From the corresponding symmetric and antisymmetric combinations one obtains

$$ \begin{aligned} c_1&=\frac{S_1+U}{2},\ c_3&=\frac{S_1-U}{2}, \end{aligned} $$

where

$$ U= (a_0-a_2)(b_1-b_3) +(a_1-a_3)(b_0-b_2). $$

But $U$ is exactly the imaginary part of $A(i)B(i)$, hence it is determined by the same complex multiplication that produced $M_2$ and $M_3$. Thus no additional scalar multiplications are needed.

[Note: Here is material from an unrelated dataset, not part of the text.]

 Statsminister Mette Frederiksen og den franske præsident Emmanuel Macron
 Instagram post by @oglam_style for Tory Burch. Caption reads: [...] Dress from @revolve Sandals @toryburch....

The additive complexity is $11$. One possible schedule is:

$$ \begin{aligned} p_0&=a_0+a_2,\ p_1&=a_1+a_3,\ p_2&=a_0-a_2,\ p_3&=a_1-a_3, \end{aligned} $$

using $4$ additions, and similarly

$$ \begin{aligned} q_0&=b_0+b_2,\ q_1&=b_1+b_3,\ q_2&=b_0-b_2,\ q_3&=b_1-b_3, \end{aligned} $$

using $4$ more. Then

$$ \begin{aligned} A(1)&=p_0+p_1,\ A(-1)&=p_0-p_1,\ B(1)&=q_0+q_1, \end{aligned} $$

requiring $3$ further additions; $B(-1)=q_0-q_1$ is obtained simultaneously from the same data flow. Total: $11$ additions.

Thus cyclic convolution of degree $3$ can be computed with $4$ multiplications and $11$ additions. ∎